2020/10/29 00:14
19〜20世紀前半頃、新聞配達で生計を立てなければ生きていけない状況にあった子どもたちがいました。
その子どもたちは、「paper boy」や「news boy」と呼ばれていました。
そして、ペーパーボーイが実際に新聞配達で使用していたバッグが「Newspaper Bag」です。
今回は、ペーパーボーイについて深掘りしていこうと思います。
<ペーパーボーイの生活>
記録されている中で一番古いペーパーボーイは、1833年にアメリカで雇われた当時10歳の少年です。
19世紀〜20世紀前半にかけて、新聞の需要が高くなり新聞配達の給料がいいことから、貧しい子どもたち(6~7歳頃から働き始める)が多く働いていました。
貧困の子どもたちは1日1日を生きるために、家庭の働き手としてお金を稼がなければいけない境遇にありました。
現在は「新聞配達」というと、本部から預かった新聞を自転車やバイクで各家庭に配達することが一般的だと思います。
しかし、当時の新聞配達はまだそのようなシステムはなく、親方から1日で配れそうな分の新聞を自分で買い、それを人通りの多い道などで手売りしていました。
そして、そこで出た利益が自分の給料となっていました。売れ残った分は、自分の損失となりました。
そのため、極度の貧困な子どもたちは、1日中外で新聞を売り続け、売れ残った新聞を寝床にして生活するホームレス状態の子ども達もいました。
また、立って新聞を売る場所は、年齢や力関係で決まっていて仲間の間で縄張り争いがあり、しばし喧嘩になっていました。
このように過酷な環境で生活している子どもたちが多くいました。
<子どもたちのストライキ>
ペーパーボーイは、苦しい生活を強いられていたのにも関わらず、とても勇敢な心を持っています。
それが顕著化したのが、1899年のニューヨークで起こった大規模なストライキです。
1898年にスペイン・アメリカ戦争の影響で新聞の需要が急激に高まり、出版社が新聞の価格を高騰させました。
この時は、戦争の見出しのおかげで売れ行きが良く何ともなかったのですが、戦後、通常の生活に戻っても出版社は価格を下げることはしませんでした。
そのままの高額な価格では新聞が売れないため、ペーパーボーイはまともに食事をすることすらできませんでした。
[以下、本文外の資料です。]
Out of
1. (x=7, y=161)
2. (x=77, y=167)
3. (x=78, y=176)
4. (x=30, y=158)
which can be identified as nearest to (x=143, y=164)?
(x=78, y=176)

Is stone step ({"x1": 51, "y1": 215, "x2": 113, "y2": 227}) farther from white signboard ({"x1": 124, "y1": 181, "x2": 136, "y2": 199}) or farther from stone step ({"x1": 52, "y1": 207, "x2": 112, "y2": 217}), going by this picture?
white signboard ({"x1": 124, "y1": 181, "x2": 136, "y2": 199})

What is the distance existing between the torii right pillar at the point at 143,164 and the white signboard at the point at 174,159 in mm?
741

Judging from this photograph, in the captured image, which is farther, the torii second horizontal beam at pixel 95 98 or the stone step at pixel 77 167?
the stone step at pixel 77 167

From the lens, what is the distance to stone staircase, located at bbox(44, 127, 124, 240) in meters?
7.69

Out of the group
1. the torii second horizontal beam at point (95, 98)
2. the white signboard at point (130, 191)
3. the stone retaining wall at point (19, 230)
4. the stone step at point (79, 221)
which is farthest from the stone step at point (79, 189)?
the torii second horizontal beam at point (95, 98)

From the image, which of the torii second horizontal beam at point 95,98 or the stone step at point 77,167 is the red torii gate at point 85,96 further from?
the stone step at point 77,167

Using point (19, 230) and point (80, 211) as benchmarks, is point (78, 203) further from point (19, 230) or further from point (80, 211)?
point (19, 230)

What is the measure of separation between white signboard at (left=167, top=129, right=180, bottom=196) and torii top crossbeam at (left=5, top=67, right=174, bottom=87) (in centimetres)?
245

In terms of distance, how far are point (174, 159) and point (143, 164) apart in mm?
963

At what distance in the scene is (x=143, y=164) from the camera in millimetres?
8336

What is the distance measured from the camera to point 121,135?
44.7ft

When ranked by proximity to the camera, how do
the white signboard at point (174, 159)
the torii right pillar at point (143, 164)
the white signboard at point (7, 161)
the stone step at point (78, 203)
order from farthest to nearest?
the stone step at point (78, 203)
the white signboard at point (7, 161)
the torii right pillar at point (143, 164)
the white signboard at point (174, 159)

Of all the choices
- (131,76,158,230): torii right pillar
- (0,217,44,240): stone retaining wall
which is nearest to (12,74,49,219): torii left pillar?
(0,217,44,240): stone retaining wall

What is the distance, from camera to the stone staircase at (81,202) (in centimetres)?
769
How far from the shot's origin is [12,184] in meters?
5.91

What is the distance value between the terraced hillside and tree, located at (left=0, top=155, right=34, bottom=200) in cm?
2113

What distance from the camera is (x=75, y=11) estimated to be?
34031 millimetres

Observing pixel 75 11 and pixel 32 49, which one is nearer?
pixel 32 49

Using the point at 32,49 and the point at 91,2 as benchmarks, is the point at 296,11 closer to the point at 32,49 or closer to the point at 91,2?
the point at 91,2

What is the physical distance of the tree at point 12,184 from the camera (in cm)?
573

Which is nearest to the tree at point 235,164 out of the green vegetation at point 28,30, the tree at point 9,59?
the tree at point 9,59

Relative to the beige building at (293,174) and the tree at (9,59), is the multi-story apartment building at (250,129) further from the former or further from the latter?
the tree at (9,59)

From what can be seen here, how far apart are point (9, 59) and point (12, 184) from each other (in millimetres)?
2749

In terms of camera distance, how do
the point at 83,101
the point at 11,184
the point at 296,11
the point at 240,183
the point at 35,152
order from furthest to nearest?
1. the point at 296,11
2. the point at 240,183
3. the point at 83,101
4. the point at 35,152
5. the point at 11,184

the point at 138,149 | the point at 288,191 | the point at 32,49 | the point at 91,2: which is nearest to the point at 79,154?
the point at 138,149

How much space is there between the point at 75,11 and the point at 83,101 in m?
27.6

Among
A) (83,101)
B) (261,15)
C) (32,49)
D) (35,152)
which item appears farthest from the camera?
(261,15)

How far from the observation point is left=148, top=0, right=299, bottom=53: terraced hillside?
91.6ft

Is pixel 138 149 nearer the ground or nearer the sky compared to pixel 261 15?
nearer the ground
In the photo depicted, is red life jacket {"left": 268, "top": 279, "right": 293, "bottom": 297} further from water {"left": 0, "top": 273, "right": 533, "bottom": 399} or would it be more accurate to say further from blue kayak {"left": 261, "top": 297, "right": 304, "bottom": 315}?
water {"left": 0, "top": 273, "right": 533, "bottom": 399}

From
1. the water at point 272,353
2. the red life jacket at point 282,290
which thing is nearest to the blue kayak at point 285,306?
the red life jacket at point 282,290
そこで、何人かのペーパーボーイが立ち上がり、仕事を放棄するよう他のペーパーボーイに声をかけ始めます。
すぐにその声は広がり、数百人のペーパーボーイたちが集まりました。
これが大規模なストライキの始まりです。
そして、真夏の数日間、彼らはブルックリンの橋の上をデモ行進し、何時間も交通を停止させ、新聞配達をできないようにしたのです。
それは多くの人々の注目を集めると同時に、出版社の運営の継続を困難にすることに成功しました。
このストライキが功を制し、出版社とペーパーボーイの契約が改善されることになりました。
このような苦境の子どもたちの勇敢な行動は、誰もが学ばなければいけないことでしょう。
<最後に>
今ではファッションとして人気のある「Newspaper Bag」には、このような時代背景があります。
ぜひこのモノの背景を、身に着ける際のこだわりにしてみて下さい。